スーツやジャケットといえば、我々の感覚では普段着というよりは「ビジネス着」あるいは「パーティにおける勝負服」といったイメージが強いかもしれない。しかし、ティト アレグレットの捉え方は少々異なる。言うなれば「息を吸うようにスーツを着る」のが彼のスタイルの真骨頂。例えば、夕暮れ時のビーチで過ごすのが好きなティト氏は、時間を見つけてはアメリカンバイクにまたがりビーチに赴くというが、その時の出で立ちは「スーツにビーチサンダル」という装いが定番だそう。

あくまで肩に力を入れることなく、それでいてとてつもなくスタイリッシュな装いを日常的に体現する男の世界観から生まれるコレクションは、我々のスーツスタイルを格上げしてくれることうけあいだ。

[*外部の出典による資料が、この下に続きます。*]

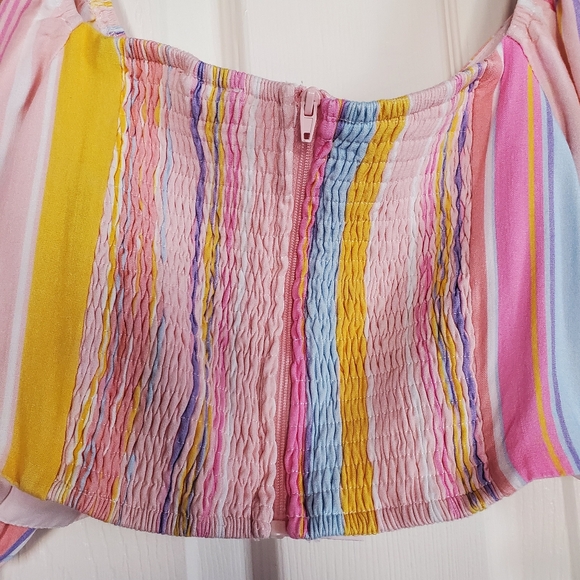 Showpo Ressy Mini Skit Size 10 Khaia Keyhole Top Size 8 Multi Stripe Set - Picture 8 of 16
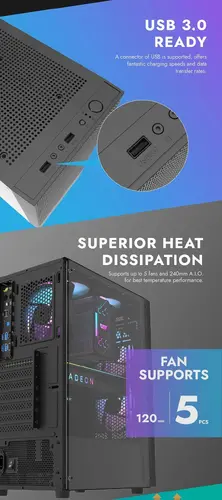 Darkflash κουτί Case ATX - A290 Black - 3 x 120 mm RGB fans included - 10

ティト アレグレットのコーディネートセンスは、ラルフローレンからも高い評価を獲得

ティト アレグレット氏は、過去にラルフローレン ヨーロッパのディスプレイを手掛けていた人物としても知られている。ラルフローレンではディスプレイのコンテストが定期的に行われており、そのコンテストで2度も優勝を経験しているという。ティト アレグレット氏自身もアメリカントラッドなスタイリングを非常に好んでおり、ピッティウオモのとある1日ではジャケパンにレッドウィングのブーツを合わせたスタイリングで参戦していた。ちなみに、ティト アレグレット氏とラルフローレンの関係は現在も良好で、ピッティ ウオモの展示会で使用しているトルソーはラルフローレンから提供を受けているそう。

ティトアレグレット氏

「まるで裸体でいるような着心地」を堪能できるティト アレグレットのコレクション

ティト アレグレットのジャケットやスーツ、コートなどのアイテムには、長年ウィンドウディスプレー担当やスタイルディレクターとして”今のナポリ”を体現してきた人物ならではのこだわりが感じられる。「着づらい服は服じゃねぇ」「だせぇラペルは笑っちまう」という彼の言葉があらわす通り、その美意識が色濃く反映されたジャケットやスーツは、ナポリの伝統的なスタイルを継承しつつモダンな要素が取り入れられている。要所にハンドメイドを施して作り上げられた製品は、マシンメイドの製品と対極をなす「まるで裸体でいるような着心地」を堪能できる。ナポリブランドらしいその着心地に加え、若々しさと力強さ、色気を併せ持った独自のスタイルへと昇華しているのだ。

ティトアレグレットのコレクション

例えば、袖のディテールに見られるマニカカミーチャはナポリ仕込みの本格仕様。可動域と装飾性のバランスを保つために、ミリ単位までイセ込む分量を計算して縫い上げられている。昨今では、装飾のためにマニカカミーチャを取り入れているブランドも残念ながら存在すると言われているが、服は着心地が良いのが大前提と考えるティト アレグレットのジャケットは、そんな見せかけの仕様は一切取り入れないのだ。